Web Scraping Imdb

Web Scraping with requests and BeautifulSoup. We will use requests and BeautifulSoup to access and scrape the content of IMDB's homepage. What is BeautifulSoup? It is a Python library for pulling data out of HTML and XML files. It provides methods to navigate the document's tree structure that we discussed before and scrape its content. Some R scripts to begin with web scrapping. 1) imdb250.R contains basic scripts to fetch top 250 movie list and corresponding details. 2) amazonsearch.R contains advanced scrapping with R for products on amazon's website based on the search term.
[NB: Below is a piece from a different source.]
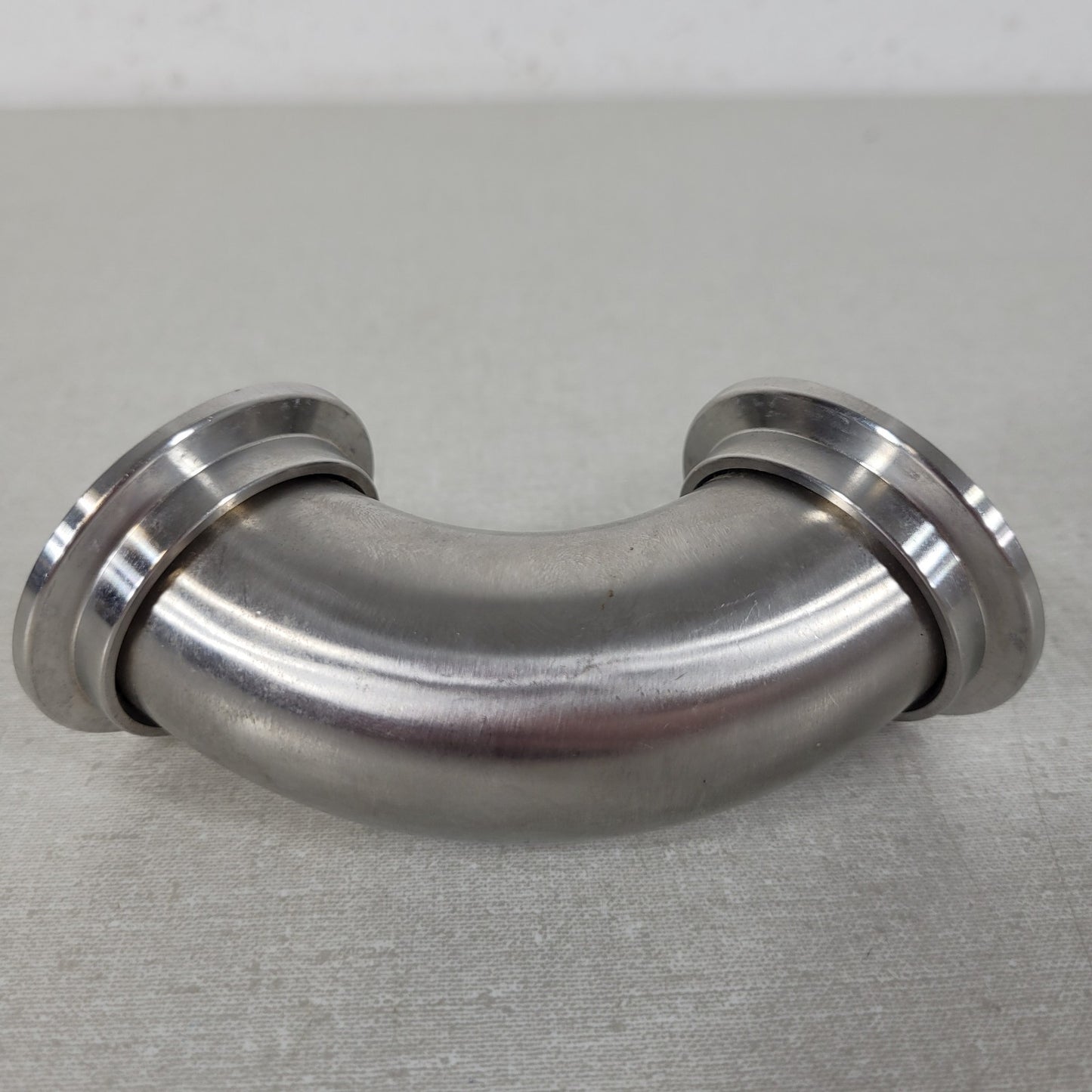 MDC KF40 NW40 QF40 90 Degree Compact Elbow Stainless Steel High Vacuum Fitting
R amazon regex webscraper css-selector selectors webcrawler webscraping rvest imdb-webscrapping.

imdb.py
frombs4importBeautifulSoup
importrequests
importre
# Download IMDB's Top 250 data
url='http://www.imdb.com/chart/top'
response=requests.get(url)
soup=BeautifulSoup(response.text, 'lxml')
movies=soup.select('td.titleColumn')
links= [a.attrs.get('href') forainsoup.select('td.titleColumn a')]
crew= [a.attrs.get('title') forainsoup.select('td.titleColumn a')]
ratings= [b.attrs.get('data-value') forbinsoup.select('td.posterColumn span[name=ir]')]
votes= [b.attrs.get('data-value') forbinsoup.select('td.ratingColumn strong')]
imdb= []
# Store each item into dictionary (data), then put those into a list (imdb)
forindexinrange(0, len(movies)):
# Seperate movie into: 'place', 'title', 'year'
movie_string=movies[index].get_text()
movie= (' '.join(movie_string.split()).replace('.', '))
movie_title=movie[len(str(index))+1:-7]
year=re.search('((.*?))', movie_string).group(1)
place=movie[:len(str(index))-(len(movie))]
data= {'movie_title': movie_title,
'year': year,
'place': place,
'star_cast': crew[index],
'rating': ratings[index],
'vote': votes[index],
'link': links[index]}
imdb.append(data)
foriteminimdb:
print(item['place'], '-', item['movie_title'], '('+item['year']+') -', 'Starring:', item['star_cast'])

commented Jan 5, 2018

Sign up for freeto join this conversation on GitHub. Already have an account? Sign in to comment

Web Scraping - IMDb, Wiki¶

This is written to collect data for my friend's translation project, in which she attempts to analyse the differences between the official movie title translations in China, Hong Kong and Taiwan.

Web scraping imdb r

Learnings:¶

Web Scraping Into Excel

  • find() and find_all() only works on bs4.BeautifulSoup or bs4.element.Tags
  • bs4.element.Resultset can simply be treated as a list of bs4.element.Tags

Challenges:¶

Web scraping mlb stats
  1. Directing to the correct Wiki page of the movie.
  2. The tag containing title translations are elements in a table without distinguishing features.

Web Scraping Imdb Movie

Sol 1¶

Web Scraping Icon

Using try except, first try the _(film) labeled url. For cases where there are multiple entries of this movie title, this would direct us to the correct movie page. If there is only one entry (the film one), this url would be redirected to an error page which would produce errors in the following bs4 scraping code. Handle this exceptiong with a normal url with the appended title.

Sol 2¶

Web Scraping Image

After a few observations, the translation elements seemed to always be at the very last three slots of the table. A simple backward indexing did the trick.

Limitations:¶

Web scraping and beautiful soup
  1. Failed to consider instances where there are multiple versions of a movie, in which case, the correct url would be appended with _(year_film).
  2. Following the first bug, since we are using simple indexing to retrieve text instead of bs4, irrelavant text (whatever the last three table elements are) would be appended to the results in lieu of the 'null' marker we applied for other exceptions. This has created multiple entries with erroneous translations and couldn't be removed along with the others that are correctly marked with 'null'.

Web Scraping Imdb 2020

You might enjoy

Web Scraping And Beautiful Soup

Please enable JavaScript to view comments.